The local neighborhood surrounding the Milky Way and M31 is teeming with small satellite galaxies whose properties are of immense interest. In the past few years the number of dwarfs observed in the local group has nearly doubled, mostly due to increased sensitivity in observations. These observations have posed a number of challenges to the theoretical modeling of dwarf galaxies.

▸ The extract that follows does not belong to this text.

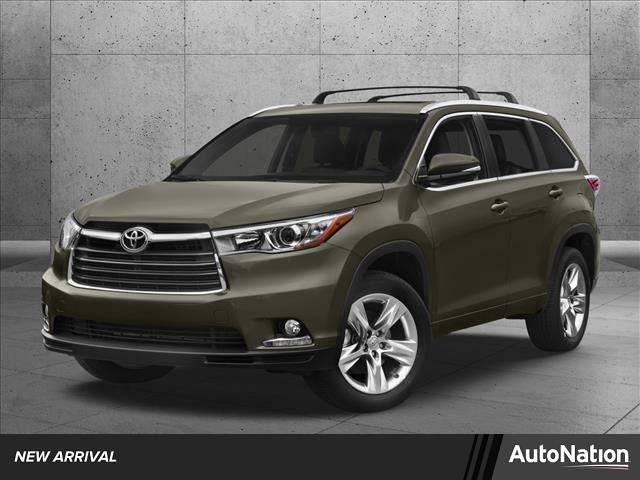 2015 Toyota Highlander XLE in Cerritos CA For Sale - Image 1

On the other hand, state of the art numerical simulations continue to reveal many more subhaloes than observed satellites around Milky Way like galaxies. The greatest challenges now facing the study of satellite and dwarf galaxies, is to match the observations to the theoretical models with an emphasis on understanding the properties of these dwarf galaxies. These include “bulk properties” such as their orbits, spatial distribution in the halo, and mass and luminosity function as well as “internal” properties such as concentrations, dark matter content, and various properties of the stellar component. What can the z=0 properties of these galaxies tell us about their origins? How can near field cosmology exploit dwarf galaxies to help us devise a better picture of how the Milky Way itself formed? Finally, with a number of major astronomical surveys such as Pan-STARRS and GAIA quickly approaching, the relatively young field of dwarf galaxies will receive a significant boost as proper motions of these galaxies are constrained and high resolution imaging becomes available.
The aim of the proposed meeting is thus to form a consensus across theorists and observers of the status of dwarf galaxies, with an aim to understand the successes and failures of current models while simultaneously gauging what we can expect from these future missions.